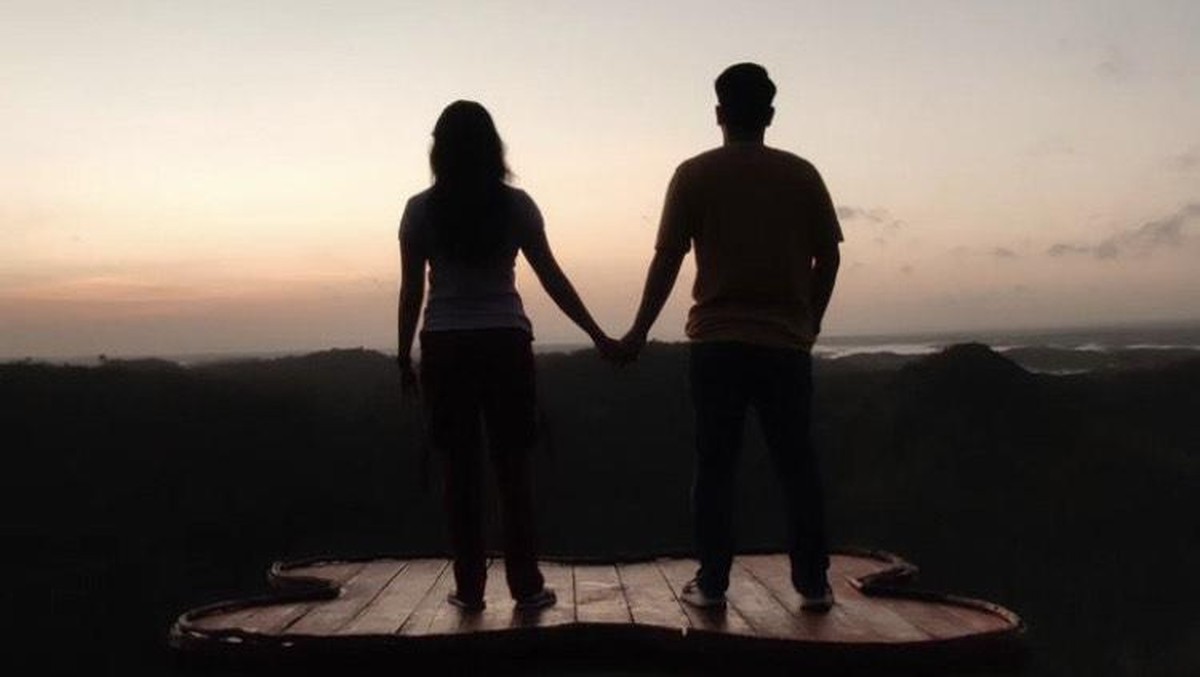 Della Puspita dan Arman Wosi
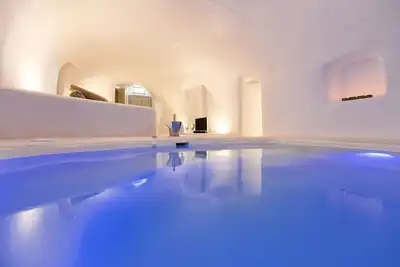Image de Kampanario Luxury Villa with Veranda & Heated Tub
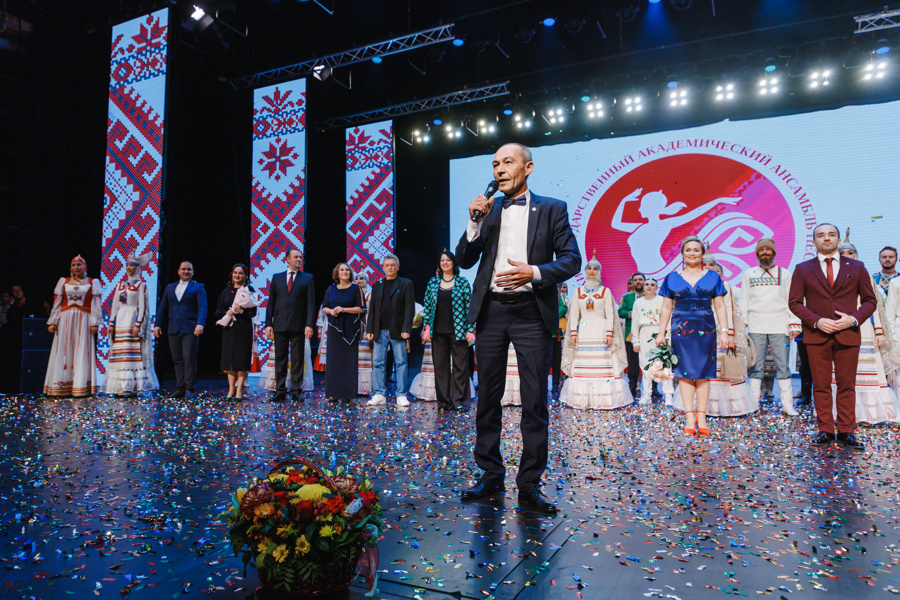 Директор Чувашского госансамбля песни и танца прокомментировал Послание Президента России к Федеральному собранию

- - - - -

(Exercise instructions)
Make an exact copy of the listing. Leave its pictures out.

(Reply)
 Della Puspita dan Arman Wosi
Image de Kampanario Luxury Villa with Veranda & Heated Tub
 Директор Чувашского госансамбля песни и танца прокомментировал Послание Президента России к Федеральному собранию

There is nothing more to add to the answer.